Transcribe, with complete accuracy, all of the entries below except for the pictures.

══ SUPPLIED ENTRIES

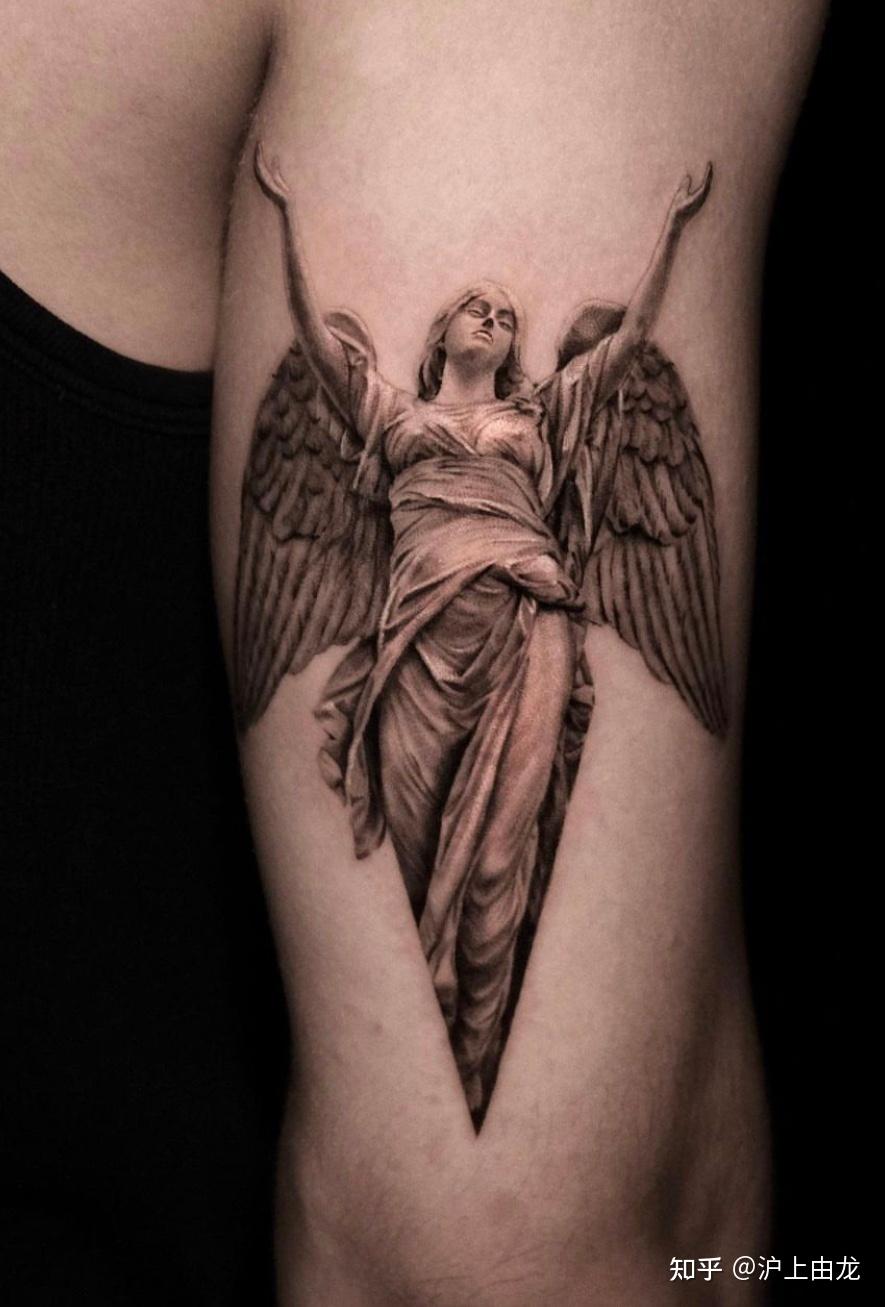 上海纹身店,浦东由龙纹身工作室 天使纹身图案分享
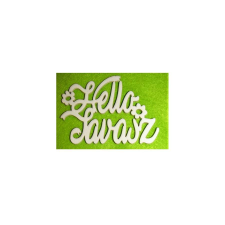  Fehér fa »Hello Tavasz« felirat, mérete: 7x5 cm dekorációs kellék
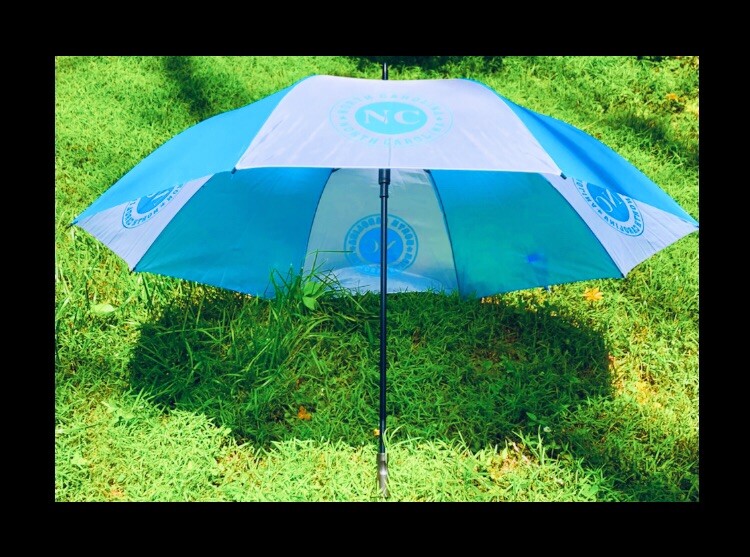 North Carolina Oversized umbrella 52” span 38”Tall automatic Push Button To Open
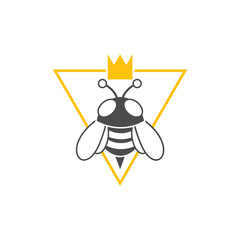 Vector logo, badge, symbol, icon template design Bee Theme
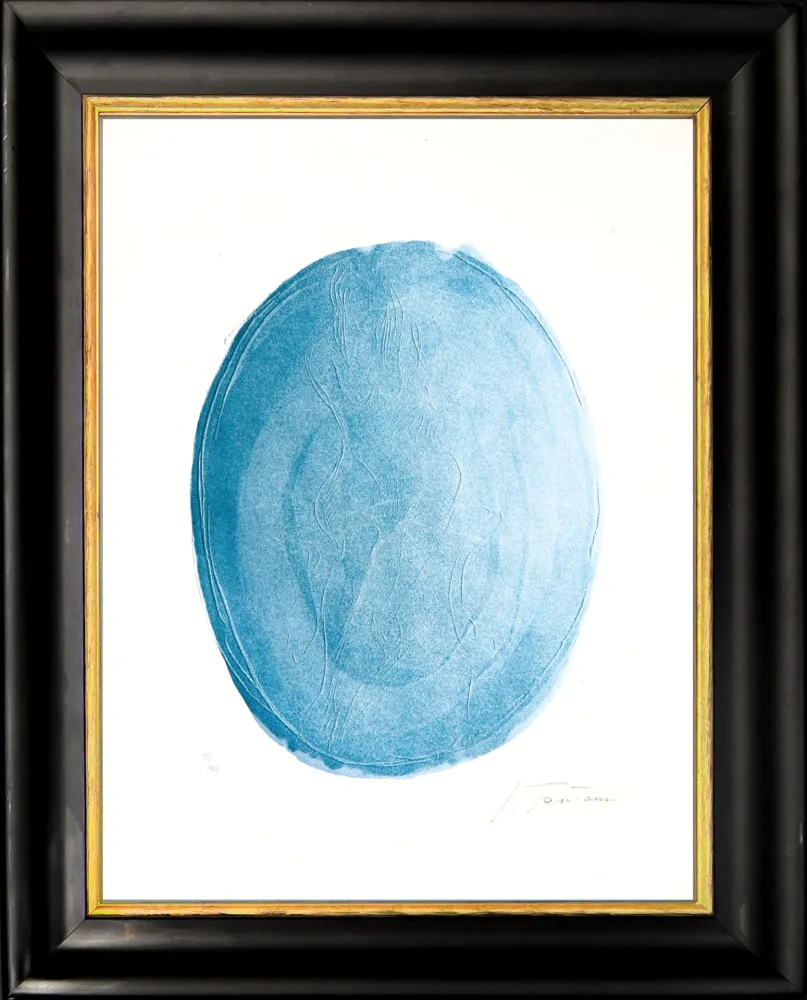 Eau-Forte Et Aquatinte Fontana - Nudo Azzurro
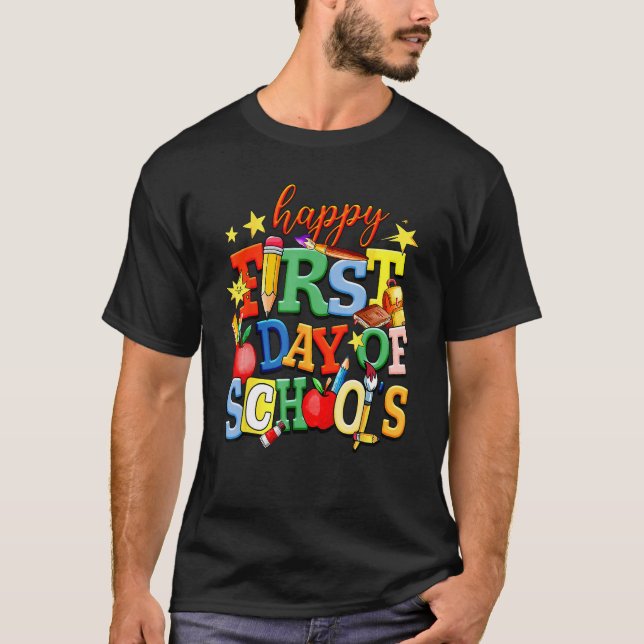 Funny Happy First Day Of School Welcome Back To Sc T-Shirt (Front)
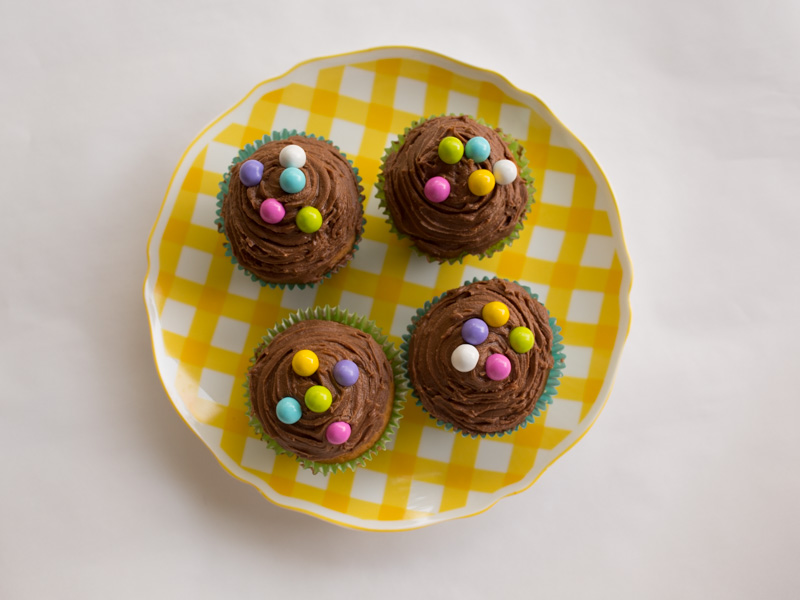 Annvie's - Cupcakes vanille chocolat de Pâques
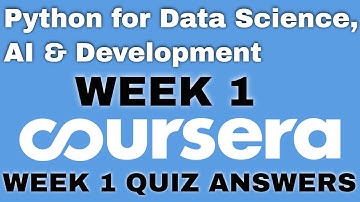 Python for Data Science, AI & Development week 1 quiz answers | Python for Data Science, AI & Devlop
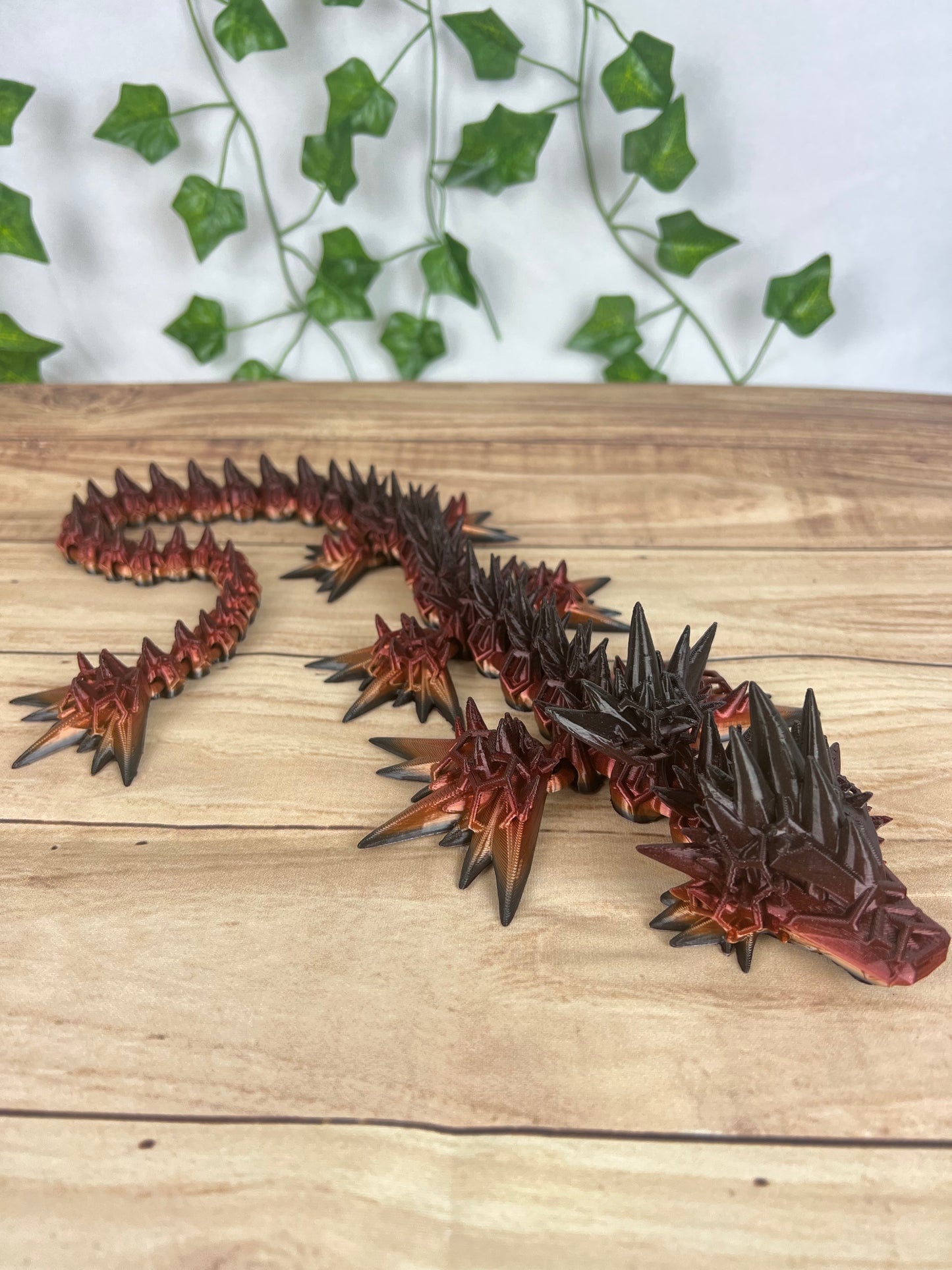 Void Sea Dragon | 3D Printed | Articulated Flexible | Custom Fidget Toy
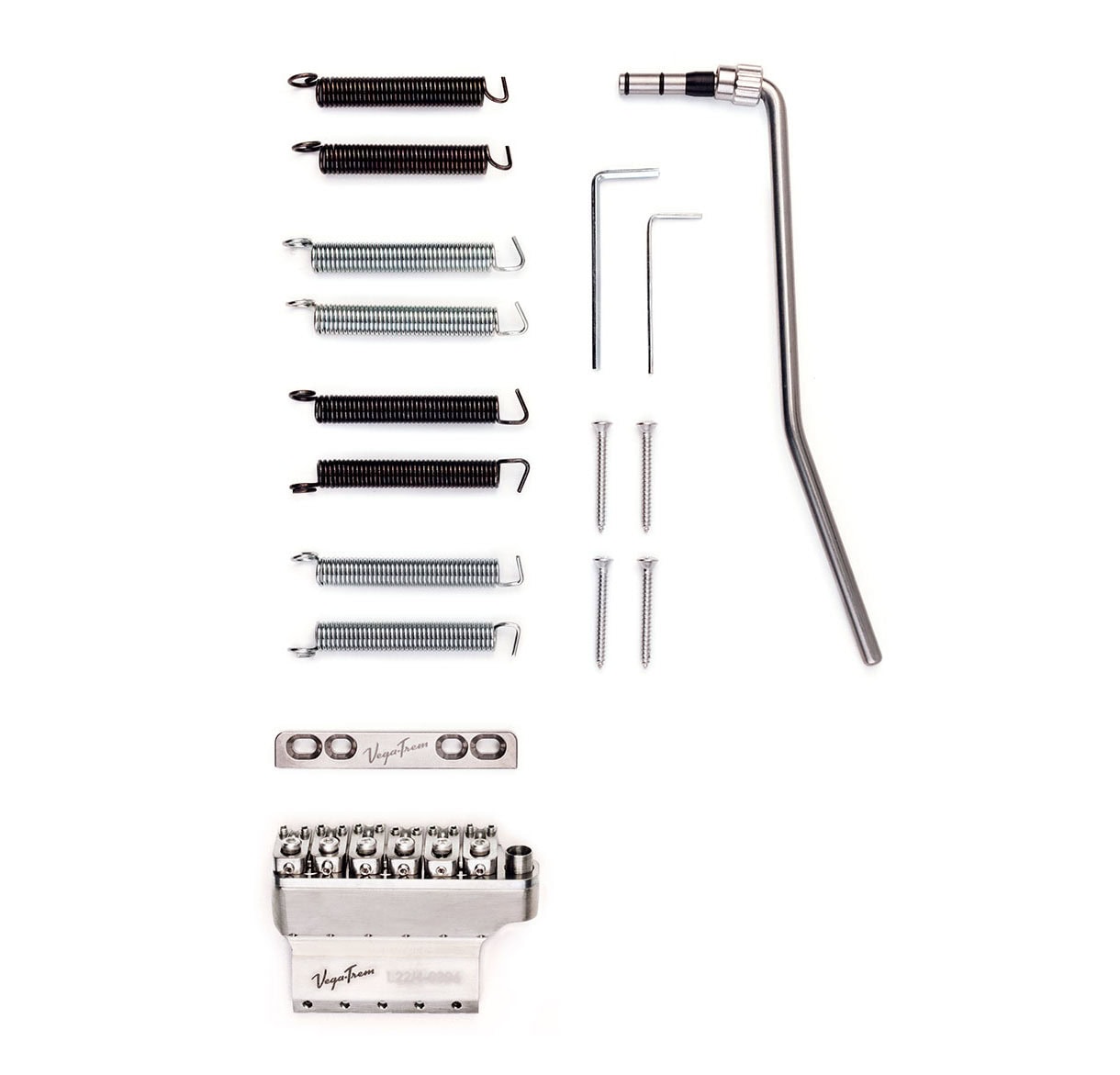 Vega Trem VT1 Ultra Trem 6 Point System for Strat – Chrome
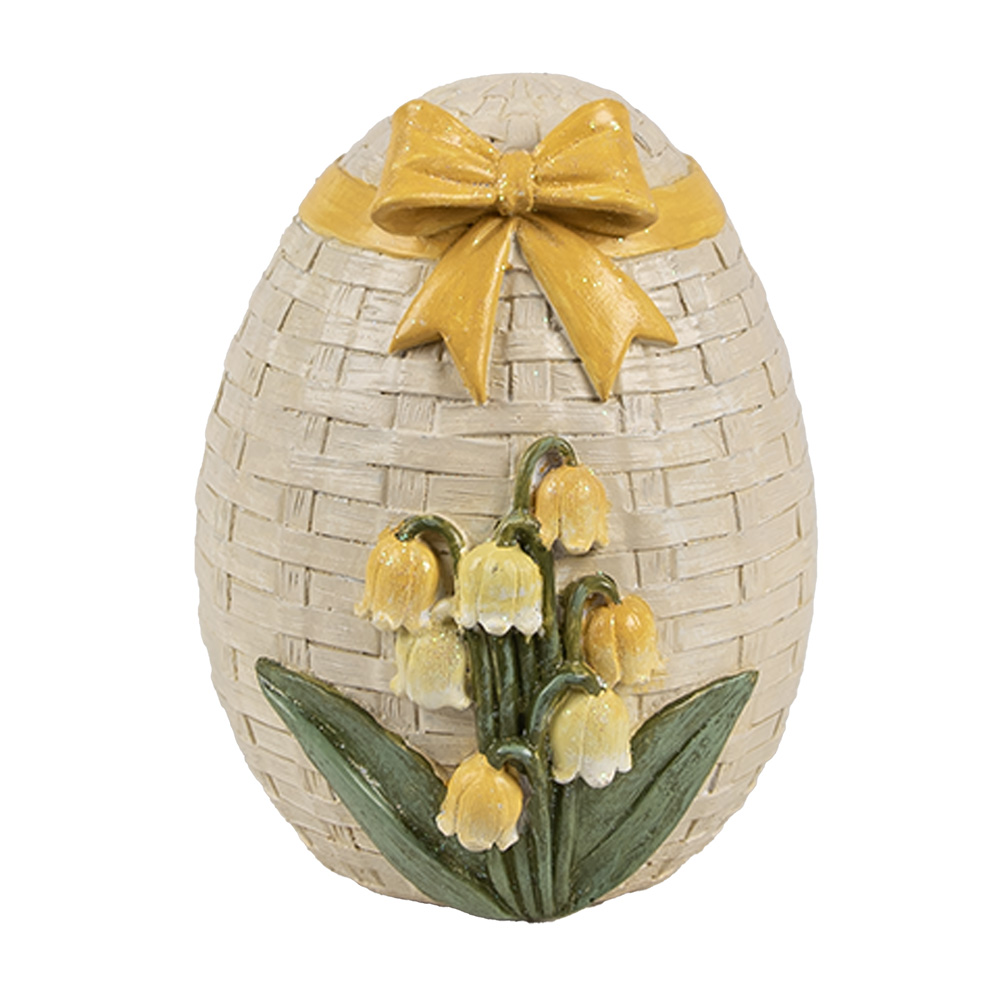 Decoratie ei 9x8x10 cm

════

SOLUTION TO THE EXERCISE:
 上海纹身店,浦东由龙纹身工作室 天使纹身图案分享
  Fehér fa »Hello Tavasz« felirat, mérete: 7x5 cm dekorációs kellék
 North Carolina Oversized umbrella 52” span 38”Tall automatic Push Button To Open
 Vector logo, badge, symbol, icon template design Bee Theme
 Eau-Forte Et Aquatinte Fontana - Nudo Azzurro
 Funny Happy First Day Of School Welcome Back To Sc T-Shirt (Front)
 Annvie's - Cupcakes vanille chocolat de Pâques
 Python for Data Science, AI & Development week 1 quiz answers | Python for Data Science, AI & Devlop
 Void Sea Dragon | 3D Printed | Articulated Flexible | Custom Fidget Toy
 Vega Trem VT1 Ultra Trem 6 Point System for Strat – Chrome
 Decoratie ei 9x8x10 cm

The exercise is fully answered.